* **Data to process**
━━━━━━━━━━━━━━━━━━━━

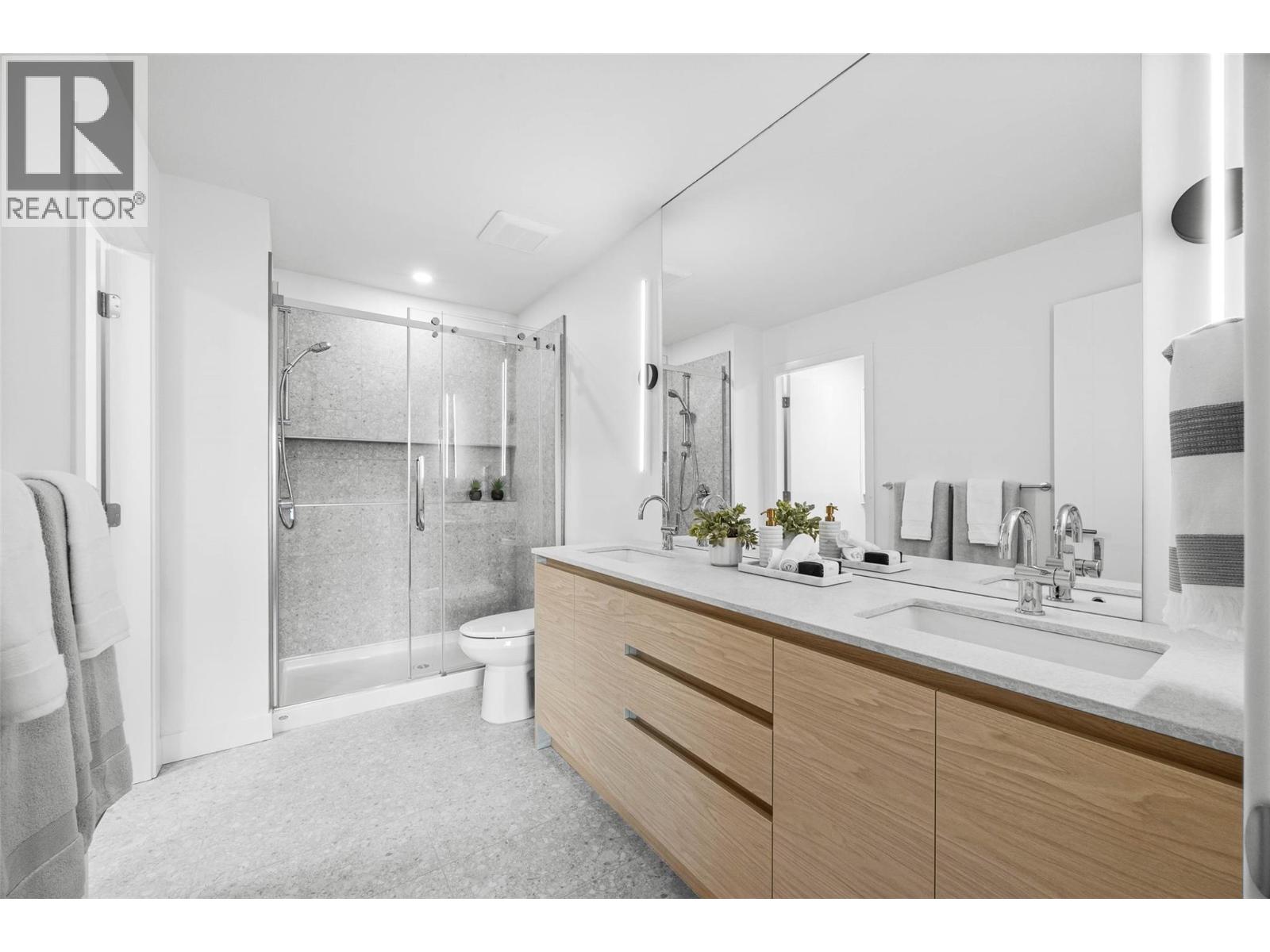 5044 Sun Rivers Drive, Kamloops, British Columbia  V2H 0E7 - Photo 13 - 10396795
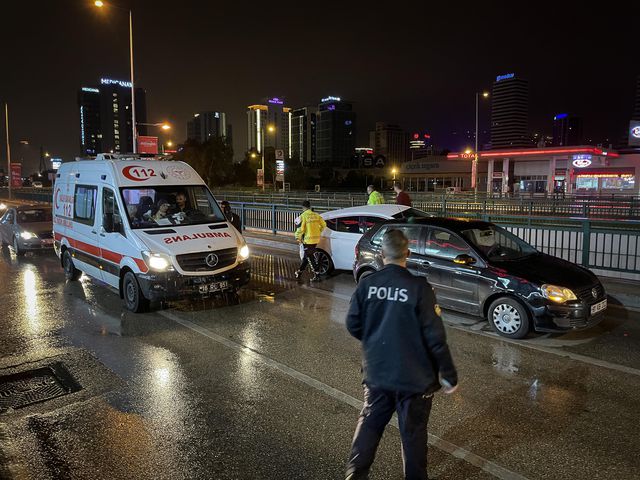 Yol ortasında aracının yakıtı biten kadına yardım ederken otomobil çarptı Yol ortasında aracının yakıtı biten kadına yardım ederken otomobil çarptı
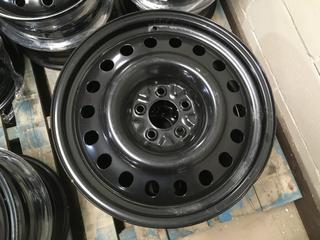 (2) RSSW X48472 Black Steel Wheels, 18x6.5, 5-114.3 Bolt Pattern.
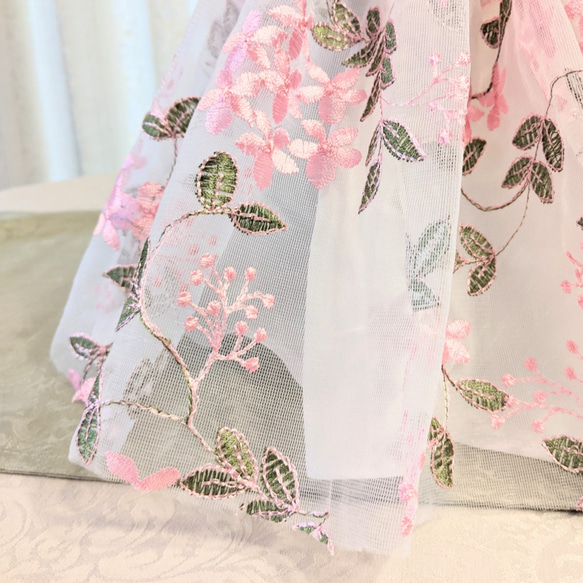 ☆新作☆ワインボトルのウェディングドレス　ピンクの花刺繍チュール 2枚目の画像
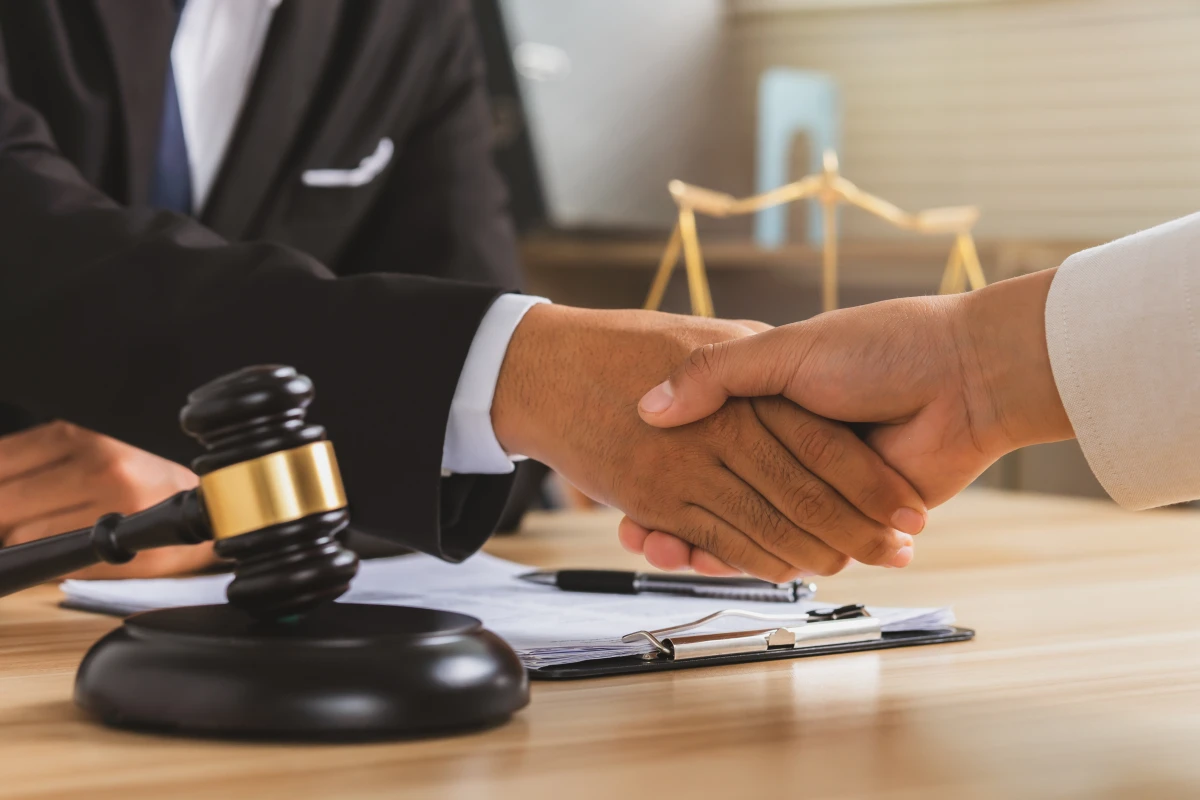 Le Dol en Droit des Contrats: Comprendre et Prévenir les Conséquences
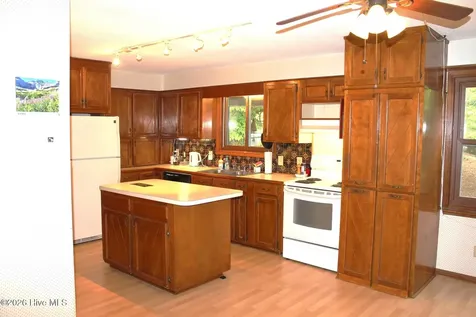 139 Pleasant View Lane West End NC 27376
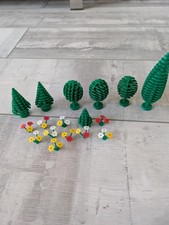Lego 7x alte  Bäume/Tannen und 10x Blumen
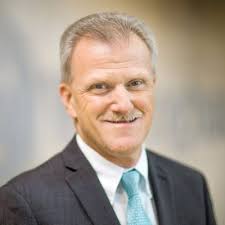 Abigail deJong '25 excels in the classroom, the field, and the studio 🍃  Even as she studied environmental science and biology, she stood in awe of  the Artistry of the Creator. “He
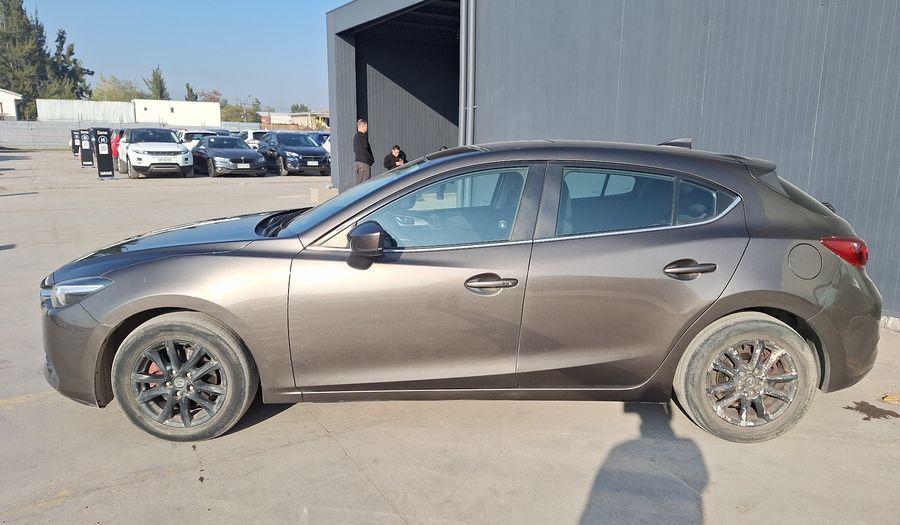 Mazda 3 2.0 AUTO SKYACTIV-G V Sedan 2020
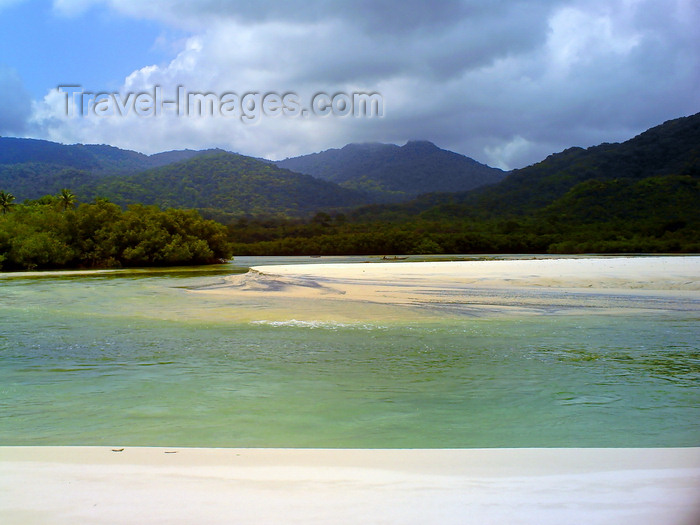 sierra-leone38: Guma River, Freetown Peninsula, Sierra Leone: the Guma estuary at River No.2 Beach - photo by T.Trenchard - (c) Travel-Images.com - Stock Photography agency - Image Bank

━━━━━━━━━━━━━━━━━━━━

* **Activity**
Each record above has to be written out again in full, but its pictures must not be.

* **Response to the exercise**
 5044 Sun Rivers Drive, Kamloops, British Columbia  V2H 0E7 - Photo 13 - 10396795
 Yol ortasında aracının yakıtı biten kadına yardım ederken otomobil çarptı Yol ortasında aracının yakıtı biten kadına yardım ederken otomobil çarptı
 (2) RSSW X48472 Black Steel Wheels, 18x6.5, 5-114.3 Bolt Pattern.
 ☆新作☆ワインボトルのウェディングドレス　ピンクの花刺繍チュール 2枚目の画像
 Le Dol en Droit des Contrats: Comprendre et Prévenir les Conséquences
 139 Pleasant View Lane West End NC 27376
Lego 7x alte  Bäume/Tannen und 10x Blumen
 Abigail deJong '25 excels in the classroom, the field, and the studio 🍃  Even as she studied environmental science and biology, she stood in awe of  the Artistry of the Creator. “He
 Mazda 3 2.0 AUTO SKYACTIV-G V Sedan 2020
 sierra-leone38: Guma River, Freetown Peninsula, Sierra Leone: the Guma estuary at River No.2 Beach - photo by T.Trenchard - (c) Travel-Images.com - Stock Photography agency - Image Bank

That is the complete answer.